The way we plan determines the look, feel, shape, and size of the community that we call home. Planning dictates where we live, where we work, and where we play. It decides what land can be developed, and what will be protected. Planning established how our communities look – including the mix of low, medium, and high-density housing. It also sets targets for such things as affordable housing. In Brockton, planning matters are guided in large part by Provincial and Bruce County policies, with the Municipality making decisions within these guidelines.

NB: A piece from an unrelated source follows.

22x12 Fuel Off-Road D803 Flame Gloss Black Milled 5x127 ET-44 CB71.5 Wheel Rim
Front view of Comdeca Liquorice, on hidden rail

  • The Municipality of Brockton adheres to Bruce County’s Official Plan, which was last reviewed in 2010. Brockton has an Official Plan for the urban area of Walkerton that was developed in 2009.
  • Both the Municipality of Brockton and Bruce County promote sustainability concepts throughout their respective Official Plans.
  • Bruce County is meeting its 30% affordable housing target for all new residential development and residential intensification.
  • The Municipality of Brockton has set a target for a future housing mix that consists of 70% low-density and 30% medium/high-density housing.
  • The Municipality of Brockton aims to ensure a broad range of open space opportunities for its residents.

Natural Resources

The products, energy, and water we consume all carry with them environmental (as well as cultural, economic, and social) consequences – some positive and some negative. Our everyday choices have impacts that build up and are far reaching, and we must choose how we manage our natural resources wisely. Fortunately, there is increasing awareness about improving the ways in which we manage our waste, protect and conserve our water, and produce and consume energy.

  • Brockton is part of the Saugeen Valley Source Protection Area, which has recently produced an in-depth report assessing potential threats to local drinking water.
  • Brockton’s residential, industrial, commercial, and institutional waste diversion rate (as calculated for 2011) is approximately 26%.
  • Brockton has a variety of policies in place designed to reduce and divert waste, including a clear bag program; biweekly seasonal waste collection; and electronic waste, hazardous waste, scrap metal, and styrofoam collection depots.
  • Brockton’s commitment to providing excellent drinking water is reflected in the fact that it received no issues of non-compliance in all three of its drinking water systems in 2010 and 2011.
  • The Brockton Parks & Recreation Department is reducing water consumption by 40% by switching from water to a glycol cooling system for its compressors in the arena.
  • The Municipality has set a wide range of policies to achieve energy conservation throughout the community, such as encouraging the energy efficient design of buildings.
  • Brockton is home to a large number of solar panels, as well as a biogas facility, that are generating renewable energy.